I like the scene in Babylon 5.

"You would trade your life for his? I thought you had destiny? Is that destiny not worth one life?"
"I fall, another will take my place, and another, and another."
"But... your great cause!"
"THIS is my cause! Life! One life, or a billion, it's all the same!"
"Then you make the sacrifice willingly. No fame, no armies or banners or cities to celebrate your name; you will die alone and unremarked... and forgotten."

I think that's the essence of heroism. At least, the model of heroism that I like best. :)

(Edit: watching the ep to get the quote right. Just ran across this next one:)

"No greater love hath a man than he lay down his life for his brother. Not for many, not for glory, not for fame - for one person, in the dark, where no-one will ever know or see."

Excellent references! Yes I agree that Captain Sheridan may well be the epitome of a hero.

As for Death Jester, I would suggest that even in the D&D paradigm, an evil character or being can be a hero, but probably not a Hero. A vigilante can be a hero by freeing the town of evil people, the people of fear, but he will likely never become a capital H Hero on the order of King Arthur, Aragorn.
 

To me more than anything, a hero is one who places the needs of others above their own needs. And this relates more to the intent of the person/character than their success.
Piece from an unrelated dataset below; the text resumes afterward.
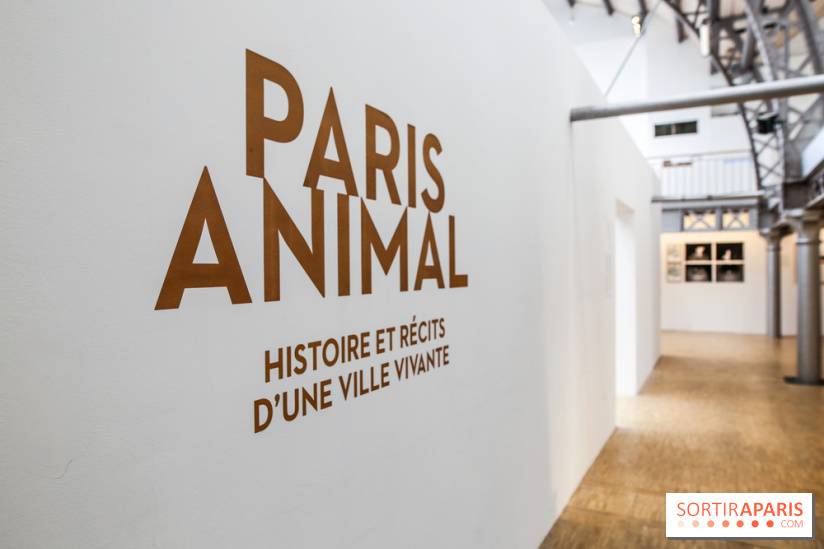 Paris Animal, nos photos de l'expo à Paris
If a character threw themself between a child and a charging orc, I'd call them a hero...no matter what happened to that character next.

If a character took all they got from the latest dungeon crawl and used it support the needy in the community, I'd call them a hero.
 

Henry said:
There are always exceptions (it's kind of hard for me to call, say, Hitler's bodyguards "heroic")

Standing around bored in the Wolf's Lair isn't particularly heroic, but I've read "Assault Battalion Wotan" by Leo Kessler where the protagonists are members of the Adolf Hitler Bodyguard (Leibstandarte) Division of the SS, and they are certainly presented as 'heroic' in terms of bravery, ingenuity, fortitude, willingness to die for a cause beyond themselves, etc. The main character is even softened a little by showing disdain for the likes of the Totenkopf SS (the death camp guards). Of course the characters are still more Lawful Evil than Lawful Good, in D&D terms, but I think you can be heroic while on the 'wrong' side. In fact IRL heroes can fight each other while representing two opposed positions both of which have considerable merit, and still be just as heroic as if it were totally Good vs Evil.